• Aim of the task
With pictures omitted, copy exactly every line from the one that contains "LG Gram +View, 16MR70.ASDA1, 16" to the end of the listing below.

• Data provided
===

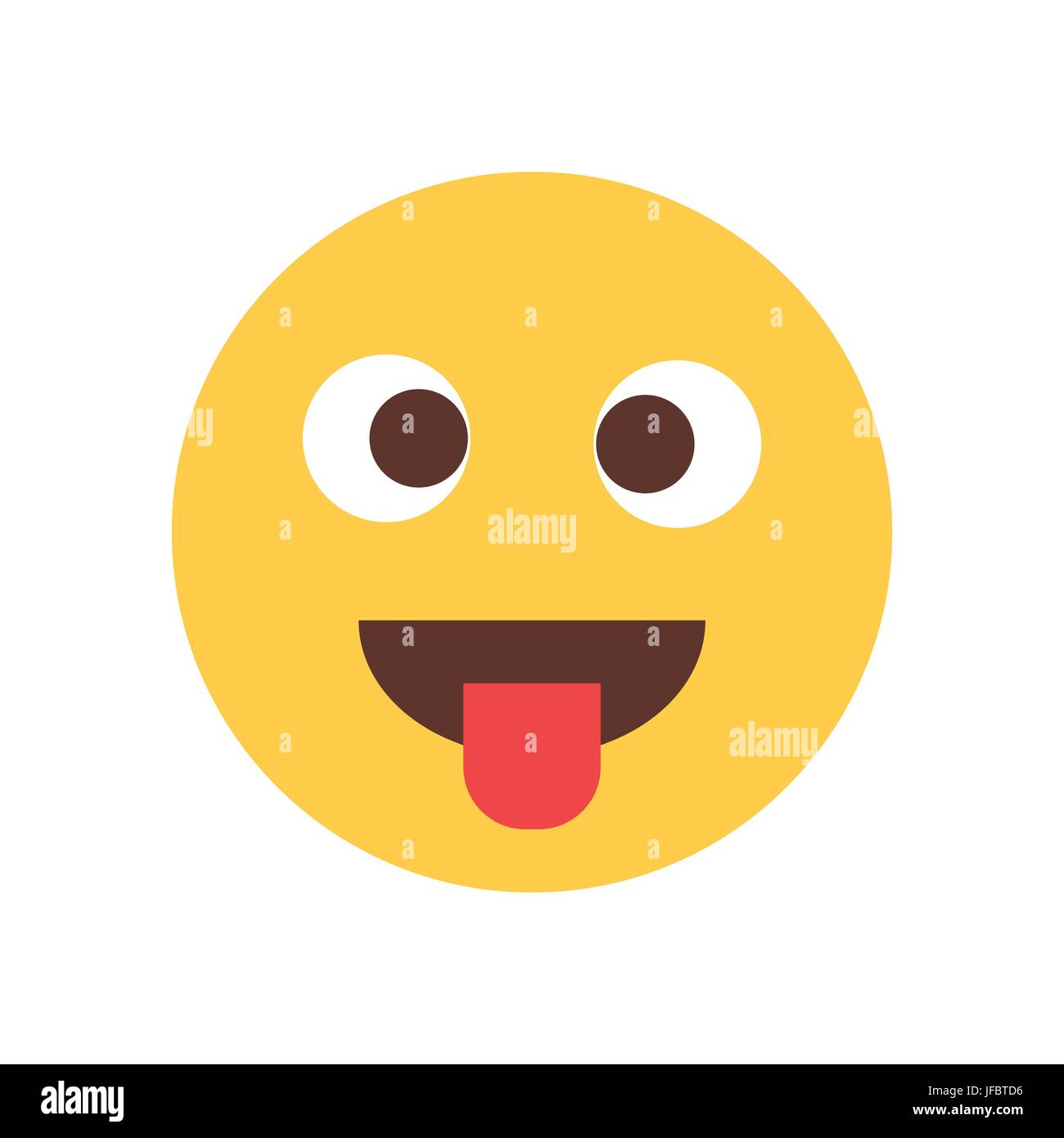 Yellow Smiling Cartoon Face Show Tongue Fool Emoji People Emotion Icon Stock Vector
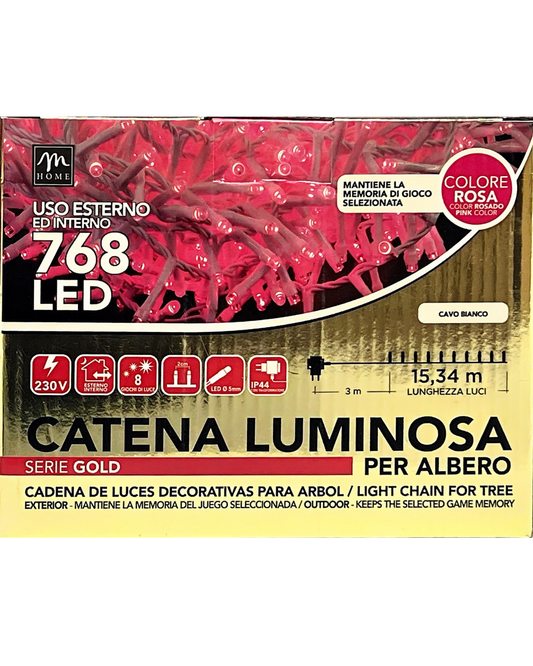 Catena Luminosa 768 LED – Colore Rosa – Cavo Bianco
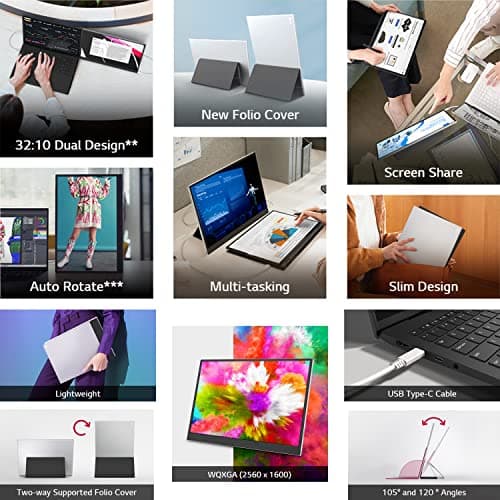 LG Gram +View, 16MR70.ASDA1, 16 Inch WQXGA Portable Monitor 2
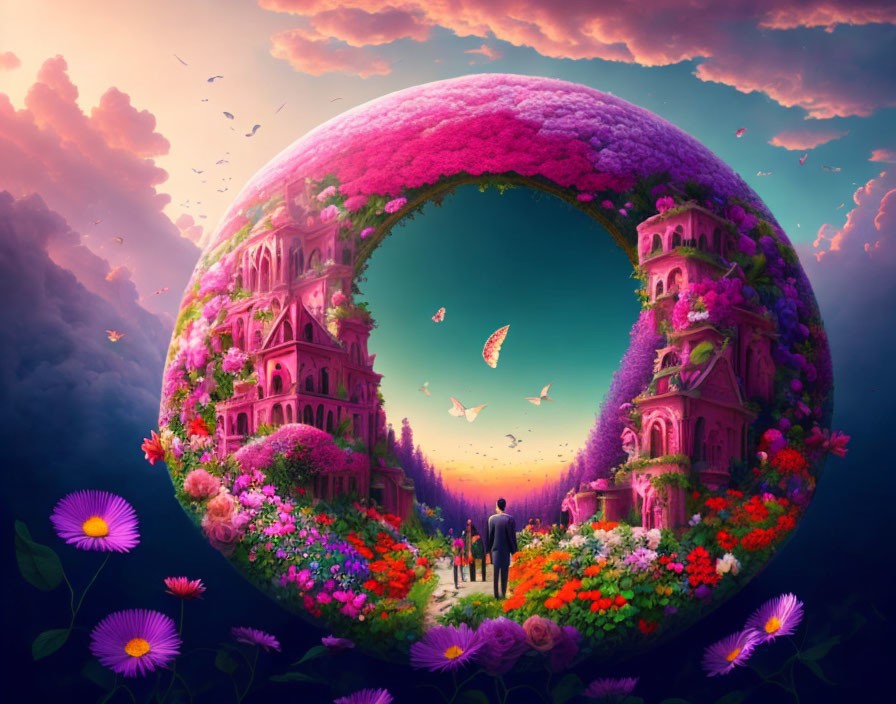 Colorful fantasy landscape with spherical world, lush gardens, whimsical architecture, butterflies, and vibrant sky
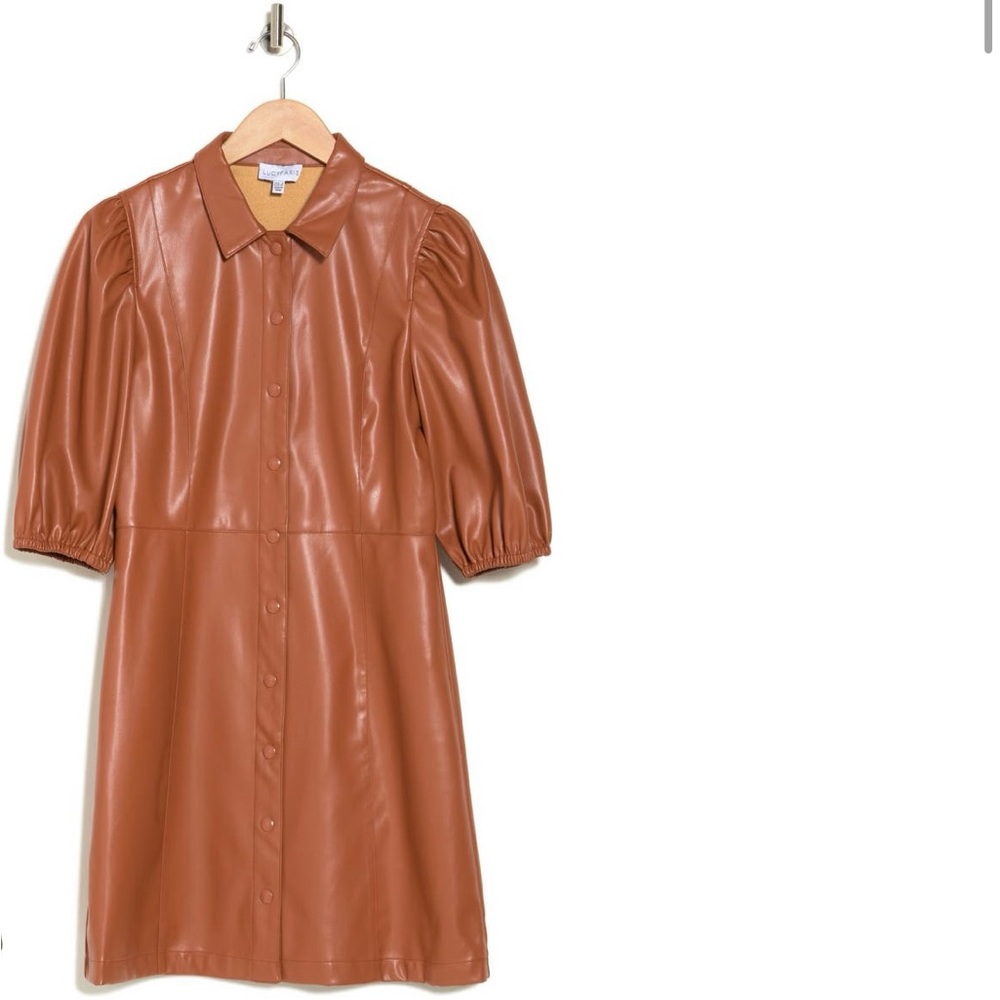 Faux Leather Shirt Dress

===

• Task output
 LG Gram +View, 16MR70.ASDA1, 16 Inch WQXGA Portable Monitor 2
 Colorful fantasy landscape with spherical world, lush gardens, whimsical architecture, butterflies, and vibrant sky
 Faux Leather Shirt Dress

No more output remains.